--- START ---

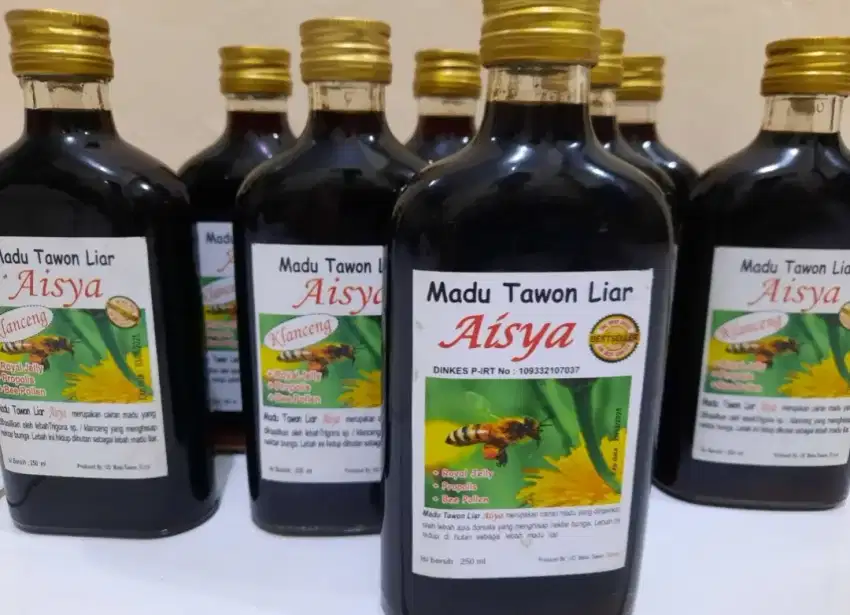 Jual madu asli tawon liar banyak manfaat kesehatan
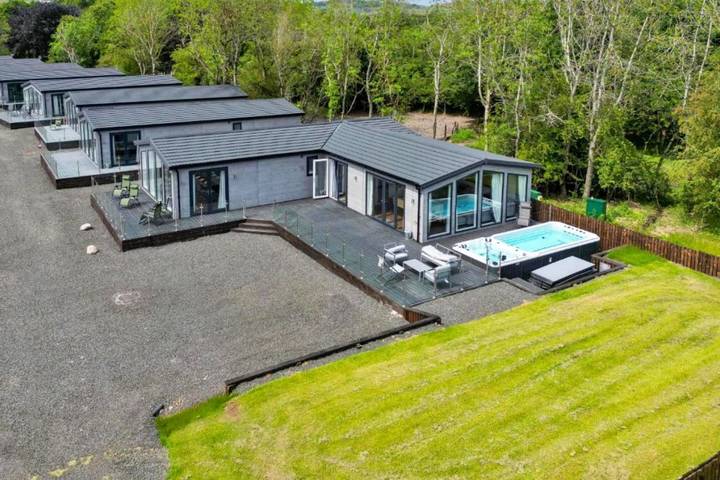 Ferienhaus für 8 Personen, mit Whirlpool und Sauna in Schottland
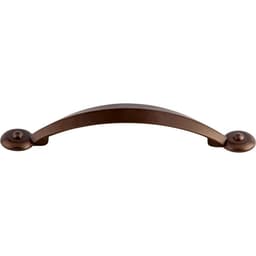 Top Knobs Dakota Series 3-3/4" (95 mm) Center to Center Oil Rubbed Bronze Pull, - M1236
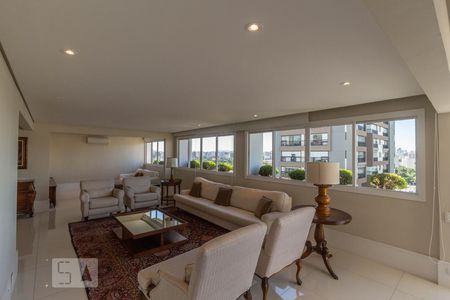 Sala de apartamento para alugar com 3 quartos, 250m² em Campo Belo, São Paulo
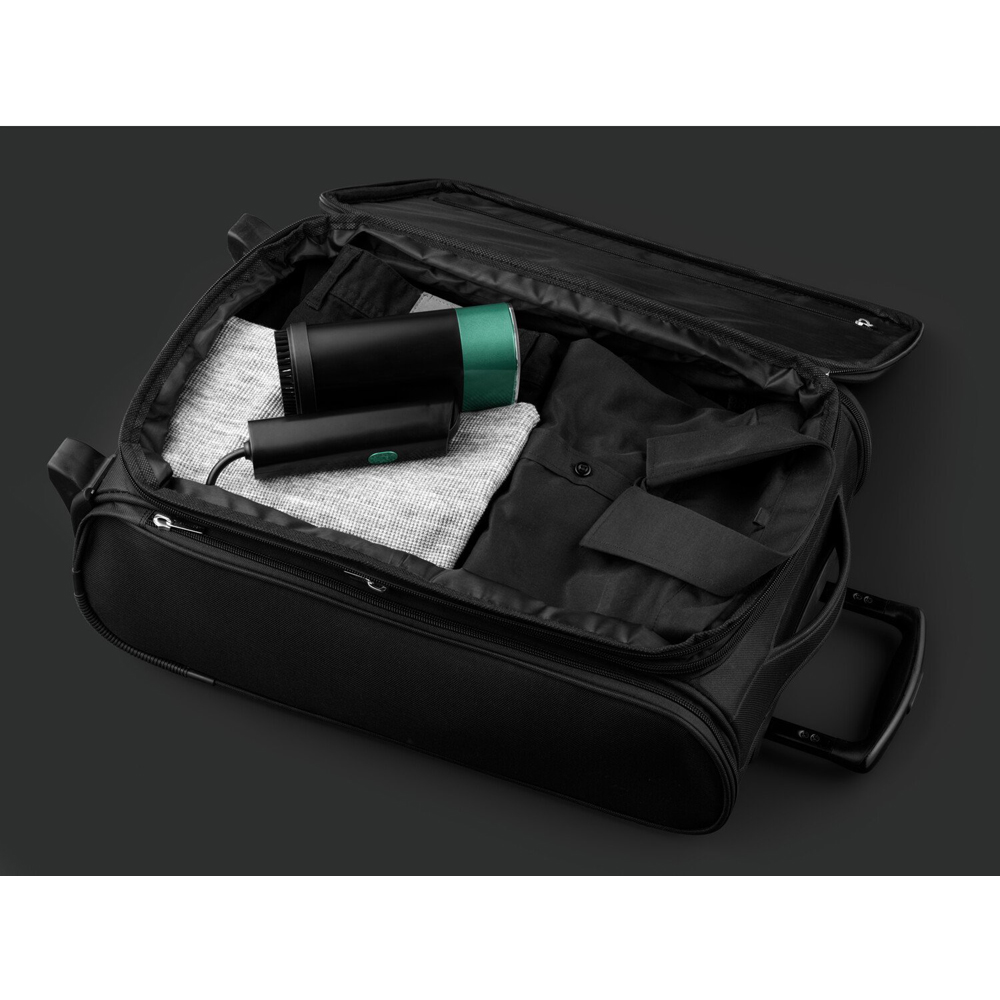 Salter Green Fold Away Garment Steamer 1500W Image 6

--- END ---

● Aim of the task: Retype the listing above exactly, pictures excluded.

● Result of the exercise:
 Jual madu asli tawon liar banyak manfaat kesehatan
 Ferienhaus für 8 Personen, mit Whirlpool und Sauna in Schottland
 Top Knobs Dakota Series 3-3/4" (95 mm) Center to Center Oil Rubbed Bronze Pull, - M1236
 Sala de apartamento para alugar com 3 quartos, 250m² em Campo Belo, São Paulo
 Salter Green Fold Away Garment Steamer 1500W Image 6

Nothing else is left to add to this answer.